Kamu kurumlarının halktan bağış toplaması her zaman saçma bir durum. Neredeyse soluduğumuz havadan bile vergi alınırken bir de kriz zamanlarında cüzdanımıza göz dikiliyor. Emekçilerden bağış toplamak sosyal devlet ve sosyal belediyecilik demek değil. Belediyelerin işçilerden bağış toplamak yerine onların yükünü hafifletmek için yapabileceği şeyler var. Elektrik, su, doğalgaz gibi hizmetler ücretsiz bir şekilde verilebilir. Devletin bu süreçte “evde kal” demenin ve bağış toplamanın ötesinde yapabilecekleri veya yapması gerekenler ise çok daha uzun bir liste. Başta herkese ücretli izin hakkının tanınması olmak üzere, emek örgütleri tarafından da dillendirilen birçok talep bu süreçte pekâlâ hayata geçirilebilir. Ancak devletin önceliği sermayeyi korumak.
Üstelik Türkiye’de hiçbir konu olduğu şekliyle, kendi halinde tartışılamıyor. Her konuda mutlaka iktidar tarafından siyasi kutuplaşmayı körükleyen ve rövanşist yeni bölünmeler yaratılıyor. İktidar bu süreçte kendisinden bağımsız olarak gelişebilecek her türlü girişimi engellemeye çalışıyor. Alkış protestolarının sönümlendirilmesi, mahallelerdeki bağımsız dayanışma ağlarının muhtarlar aracılığıyla valilik üzerinden engellenmeye çalışılması gibi CHP’li belediyelerin bağış kampanyası da “devlet içinde devlet olmaz” denilerek siyasi rekabetin mezesi haline getirilmeye çalışılıyor.
“Korona fırsatı”
Cumhurbaşkanı’nın “milli yardım kampanyası” başlatmasının ardından, CHP’li 11 büyükşehir belediyesinin yardım toplamasının engellenmesi için valiliklere yazılar gönderildi, nihayetinde de İstanbul ve Ankara belediyelerinin banka hesapları bloke edildi. İçişleri Bakanı “işkilleniyorum, yardım toplayanlar başka devlet, yeni hükümet oluşturmak istiyor” dedi. Toplanan yardımların ihtiyaç sahiplerine ulaştırılmaktan başka amaçlar için kullanılabileceğine dair şüphesinin olması, ilginç.

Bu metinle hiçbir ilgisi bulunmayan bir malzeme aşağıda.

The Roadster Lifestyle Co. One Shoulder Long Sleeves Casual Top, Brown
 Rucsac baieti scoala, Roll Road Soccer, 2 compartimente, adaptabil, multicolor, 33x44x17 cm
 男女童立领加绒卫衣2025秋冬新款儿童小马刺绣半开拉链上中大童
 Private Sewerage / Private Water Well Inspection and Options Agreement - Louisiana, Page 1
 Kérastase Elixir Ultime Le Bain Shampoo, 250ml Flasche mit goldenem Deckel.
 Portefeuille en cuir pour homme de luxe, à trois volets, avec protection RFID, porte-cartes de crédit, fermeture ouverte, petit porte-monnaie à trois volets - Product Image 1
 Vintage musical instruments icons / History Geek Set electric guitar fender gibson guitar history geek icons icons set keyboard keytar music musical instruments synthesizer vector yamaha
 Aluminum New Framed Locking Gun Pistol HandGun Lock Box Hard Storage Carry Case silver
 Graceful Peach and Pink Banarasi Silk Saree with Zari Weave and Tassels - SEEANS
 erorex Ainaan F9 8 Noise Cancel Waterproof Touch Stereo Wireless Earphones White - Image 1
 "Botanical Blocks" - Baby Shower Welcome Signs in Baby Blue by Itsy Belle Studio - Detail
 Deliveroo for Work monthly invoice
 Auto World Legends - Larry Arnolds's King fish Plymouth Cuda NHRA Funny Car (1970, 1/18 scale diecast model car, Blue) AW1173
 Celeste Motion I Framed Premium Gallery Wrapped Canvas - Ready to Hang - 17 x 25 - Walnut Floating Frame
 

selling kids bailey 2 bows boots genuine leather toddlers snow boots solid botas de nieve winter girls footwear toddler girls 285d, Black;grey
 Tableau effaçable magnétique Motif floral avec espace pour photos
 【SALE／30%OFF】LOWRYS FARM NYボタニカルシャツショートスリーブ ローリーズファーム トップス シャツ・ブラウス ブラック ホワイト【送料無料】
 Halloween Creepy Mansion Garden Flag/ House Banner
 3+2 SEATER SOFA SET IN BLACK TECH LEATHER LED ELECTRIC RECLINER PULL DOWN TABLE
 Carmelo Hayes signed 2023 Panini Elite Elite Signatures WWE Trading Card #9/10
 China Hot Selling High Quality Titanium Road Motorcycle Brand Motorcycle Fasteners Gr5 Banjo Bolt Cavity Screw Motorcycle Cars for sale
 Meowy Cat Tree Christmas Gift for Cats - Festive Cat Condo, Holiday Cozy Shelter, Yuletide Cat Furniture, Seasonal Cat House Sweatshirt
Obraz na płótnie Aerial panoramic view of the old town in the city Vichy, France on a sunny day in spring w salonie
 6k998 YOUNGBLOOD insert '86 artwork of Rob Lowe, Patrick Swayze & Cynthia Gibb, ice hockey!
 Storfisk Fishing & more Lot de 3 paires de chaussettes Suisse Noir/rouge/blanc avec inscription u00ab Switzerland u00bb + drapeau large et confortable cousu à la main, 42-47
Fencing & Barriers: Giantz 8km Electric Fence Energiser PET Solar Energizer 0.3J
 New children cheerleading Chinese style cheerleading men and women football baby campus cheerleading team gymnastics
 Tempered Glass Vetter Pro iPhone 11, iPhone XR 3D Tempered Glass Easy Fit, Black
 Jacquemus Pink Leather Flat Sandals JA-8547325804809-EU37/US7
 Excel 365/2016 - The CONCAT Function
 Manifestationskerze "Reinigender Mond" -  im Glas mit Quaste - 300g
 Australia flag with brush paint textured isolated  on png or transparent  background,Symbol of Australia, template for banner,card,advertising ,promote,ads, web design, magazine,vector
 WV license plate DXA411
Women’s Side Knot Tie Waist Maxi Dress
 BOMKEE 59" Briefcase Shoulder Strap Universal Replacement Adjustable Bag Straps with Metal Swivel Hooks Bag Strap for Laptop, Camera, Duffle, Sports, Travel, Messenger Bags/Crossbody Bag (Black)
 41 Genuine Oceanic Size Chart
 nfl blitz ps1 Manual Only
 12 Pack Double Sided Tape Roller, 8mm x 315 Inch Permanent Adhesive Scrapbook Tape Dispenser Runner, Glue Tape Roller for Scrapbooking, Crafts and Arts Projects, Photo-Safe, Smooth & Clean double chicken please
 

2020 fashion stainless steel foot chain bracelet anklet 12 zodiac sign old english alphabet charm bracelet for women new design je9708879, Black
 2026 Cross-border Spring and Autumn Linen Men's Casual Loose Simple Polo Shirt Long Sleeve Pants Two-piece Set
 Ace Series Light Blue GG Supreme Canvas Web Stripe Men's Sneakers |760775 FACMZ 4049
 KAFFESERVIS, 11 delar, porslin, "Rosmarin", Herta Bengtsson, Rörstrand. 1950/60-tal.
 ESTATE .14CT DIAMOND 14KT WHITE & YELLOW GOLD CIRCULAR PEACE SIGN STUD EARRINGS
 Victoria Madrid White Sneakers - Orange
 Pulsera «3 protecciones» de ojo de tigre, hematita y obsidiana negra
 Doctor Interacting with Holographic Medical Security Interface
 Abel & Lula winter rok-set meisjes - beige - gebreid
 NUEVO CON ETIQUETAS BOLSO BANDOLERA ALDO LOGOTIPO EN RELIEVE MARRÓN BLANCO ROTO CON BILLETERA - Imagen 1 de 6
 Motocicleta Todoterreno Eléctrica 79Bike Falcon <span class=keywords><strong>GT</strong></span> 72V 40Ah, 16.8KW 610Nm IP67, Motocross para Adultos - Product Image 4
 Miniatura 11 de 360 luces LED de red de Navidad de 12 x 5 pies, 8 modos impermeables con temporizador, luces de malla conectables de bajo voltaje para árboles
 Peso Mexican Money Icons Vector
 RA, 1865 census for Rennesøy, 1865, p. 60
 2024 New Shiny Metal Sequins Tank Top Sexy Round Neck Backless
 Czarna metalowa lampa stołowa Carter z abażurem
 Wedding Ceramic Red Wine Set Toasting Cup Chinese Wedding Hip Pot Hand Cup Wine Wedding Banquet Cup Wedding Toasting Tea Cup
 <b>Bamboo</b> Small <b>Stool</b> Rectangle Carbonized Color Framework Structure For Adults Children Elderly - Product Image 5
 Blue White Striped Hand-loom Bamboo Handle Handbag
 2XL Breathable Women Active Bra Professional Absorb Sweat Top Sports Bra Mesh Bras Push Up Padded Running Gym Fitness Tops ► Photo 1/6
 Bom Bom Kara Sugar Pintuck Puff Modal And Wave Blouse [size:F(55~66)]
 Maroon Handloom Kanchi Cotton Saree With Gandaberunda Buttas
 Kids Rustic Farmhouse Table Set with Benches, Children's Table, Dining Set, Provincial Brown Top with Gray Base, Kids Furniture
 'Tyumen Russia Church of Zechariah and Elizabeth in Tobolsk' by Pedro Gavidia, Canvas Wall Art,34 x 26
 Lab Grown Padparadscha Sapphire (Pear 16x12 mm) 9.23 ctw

İktidar yardım/bağış toplanmasının ve dağıtımının kontrolünün sadece kendisinde olmasını istiyor. Sadece Cumhurbaşkanı Erdoğan’ın verdiği iban numarasına bağış gönderilsin, bağışlar devletin kurduğu vakıflara aktarılsın, bu vakıflar dağıtımı yapsın isteniyor. İktidar halktan vergi, bağış, yardım gibi farklı başlıklarda toplanan paraların başkalarına bırakılamayacak kadar ciddi bir mesele olduğunu, deprem vergilerinden biliyor.
İktidar paranın kontrolünün yanı sıra işin siyasi puanını da kimseye kaptırmak istemiyor. AKP iktidara geldiğinden beri sosyal yardımları bir temel hak olarak uygulamak yerine, sadece kendi varlığına bağlı birer lütuf olarak sundu. Hak olanın lütuf gibi dağıtılması korona yardımlarında da devam ediyor. Milyonlarca insanın hayatının risk altında olduğu bu koşulları kendi siyasi hanesine artı olarak yazılacak bir fırsat gibi görüyor. Dahası yerel belediyelerin korona sebebiyle topladığı yardımları bile başkanlık rejimiyle birlikte hedeflenen merkezileşmeye karşı bir tehdit unsuru olarak kabul ediyor.